Zum Stichtag hat die Stadtverwaltung 73 Auszubildende in den o. g. Ausbildungsverhältnissen beschäftigt. Immer häufiger bringen die Bewerber*innen die Einstellungsvoraussetzungen für die jeweiligen Ausbildungszweige nicht mit. Aus diesem Grund konnten nicht alle Ausbildungsstellen besetzt werden. Das Niveau und die Qualität der Ausbildungsberufe möchten wir nicht senken, nur um die Stellen zu besetzen.

 

Um die Schüler*innen anzusprechen geht die Stadtverwaltung bereits folgende Wege:

 

  •           Verschiedene Ausbildungsmessen u. a. Berufsschule BSZ Leonberg, Interkom, GHR Berufsorientierungsmesse, Marie-Curie-Berufsinformationstag, Schulferien Firmen Tag
  •           Ausbildungsbroschüren liegen an alle Schulen in Leonberg aus,
  •           Homepage, Internetauftritt

 

Außerdem bietet die Stadt das BOGY und BORS Schulpraktika an. Die Qualifizierung der Mitarbeiter*innen für höherwertige Aufgaben hat nach wie vor einen hohen Stellenwert bei der Personalentwicklung.

 

Zum Stichtag befanden sich 34 Mitarbeiterinnen in Elternzeit und 3 Mitarbeiterinnen im Sonderurlaub. Das entspricht einer Quote von 3,9 Prozent.

 

Im Bereich der Kinderbetreuung wird verstärkt von der Möglichkeit des Einsatzes von Aushilfen Gebrauch gemacht, um die vorhandenen Fachkräfte zu unterstützen. Zusatzkräfte im Sinne von § 1a KiTaVO sind Personen, die auf Grund ihrer Qualifikation in anderen Feldern die pädagogische Arbeit in einer Einrichtung bereichern.
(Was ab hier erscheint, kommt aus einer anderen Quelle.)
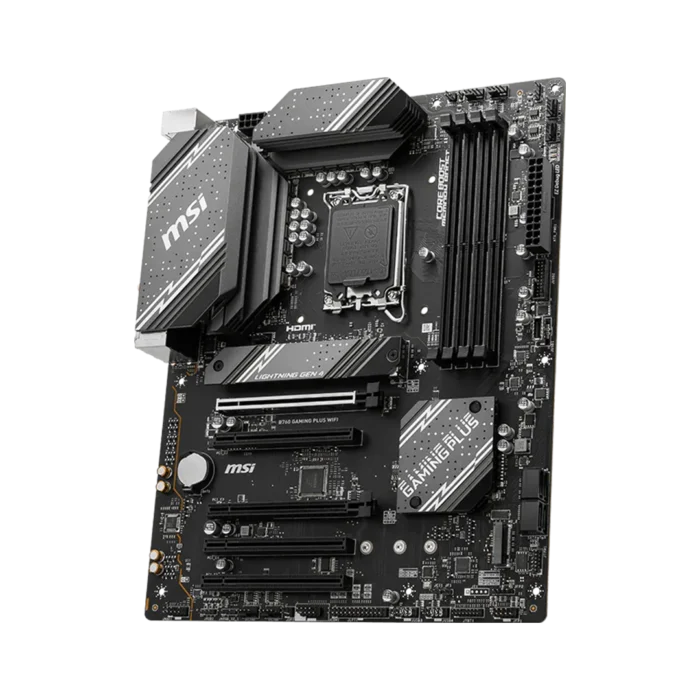 MSI B760 Gaming Plus (Wi-Fi) DDR5 Motherboard (3Y WARRANTY) - Image 2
In 12 von 13 Kindertageseinrichtungen unterstützen Aushilfen (m/w/d) die pädagogischen Fachkräfte (m/w/d). Insgesamt sind ca. 30 Aushilfen (m/w/d) und ca. 10 Werkstudenten (m/w/d) im Kita-Bereich beschäftigt.

 

Zum Stichtag waren bei der Stadtverwaltung 46 Mitarbeiter*innen mit einer Schwerbehinderung beschäftigt (26 Frauen, 20 Männer). Das entspricht einer Quote von 4,96 Prozent.

 

Sind Mitarbeitende innerhalb eines Jahres ununterbrochen oder in der Summe insgesamt mehr als sechs Wochen krank, ist gemäß §167 Absatz 2 SGB IX den Betroffenen ein Betriebliches Eingliederungsmanagement (BEM) anzubieten. Die Personalabteilung wertet die Krankheitsdaten vierteljährlich aus und schreibt die Beschäftigten an. Pro Quartal erhalten etwa 125 Beschäftigte (das entspricht 13,48 Prozent) ein BEM-Anschreiben und somit das Angebot für ein Erstgespräch.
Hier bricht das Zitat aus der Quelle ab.